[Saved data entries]
+++

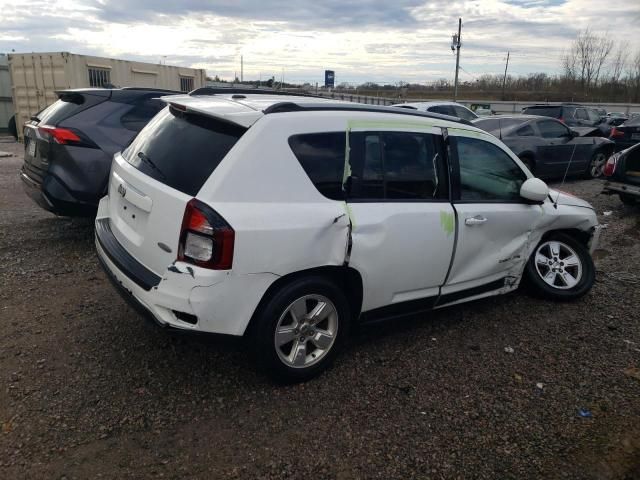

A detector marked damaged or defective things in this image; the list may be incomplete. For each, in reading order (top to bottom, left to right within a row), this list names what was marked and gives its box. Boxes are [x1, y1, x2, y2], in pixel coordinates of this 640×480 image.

wrecked vehicle [470, 116, 616, 178]
wrecked vehicle [600, 141, 640, 204]
broken taillight [176, 199, 234, 270]
wrecked vehicle [95, 91, 600, 382]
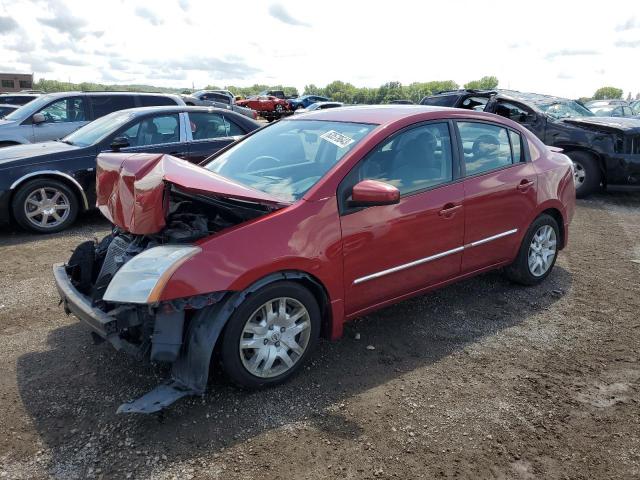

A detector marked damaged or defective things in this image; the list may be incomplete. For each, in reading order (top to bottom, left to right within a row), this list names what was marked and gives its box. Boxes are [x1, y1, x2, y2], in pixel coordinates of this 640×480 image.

crumpled hood [564, 118, 640, 135]
crumpled hood [96, 153, 288, 235]
detached front bumper [52, 262, 117, 338]
exposed headlight assembly [102, 244, 200, 304]
broken headlight [102, 244, 200, 304]
damaged red car [53, 106, 576, 412]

+++

Copy every line above exactly; images stay out.

*Exercise output*:
A detector marked damaged or defective things in this image; the list may be incomplete. For each, in reading order (top to bottom, left to right within a row), this list names what was marked and gives its box. Boxes are [x1, y1, x2, y2], in pixel coordinates of this 640×480 image.

wrecked vehicle [470, 116, 616, 178]
wrecked vehicle [600, 141, 640, 204]
broken taillight [176, 199, 234, 270]
wrecked vehicle [95, 91, 600, 382]

A detector marked damaged or defective things in this image; the list may be incomplete. For each, in reading order (top to bottom, left to right within a row), this list names what was marked and gives its box. Boxes are [x1, y1, x2, y2], in pixel coordinates of this 640×480 image.

crumpled hood [564, 118, 640, 135]
crumpled hood [96, 153, 288, 235]
detached front bumper [52, 262, 117, 338]
exposed headlight assembly [102, 244, 200, 304]
broken headlight [102, 244, 200, 304]
damaged red car [53, 106, 576, 412]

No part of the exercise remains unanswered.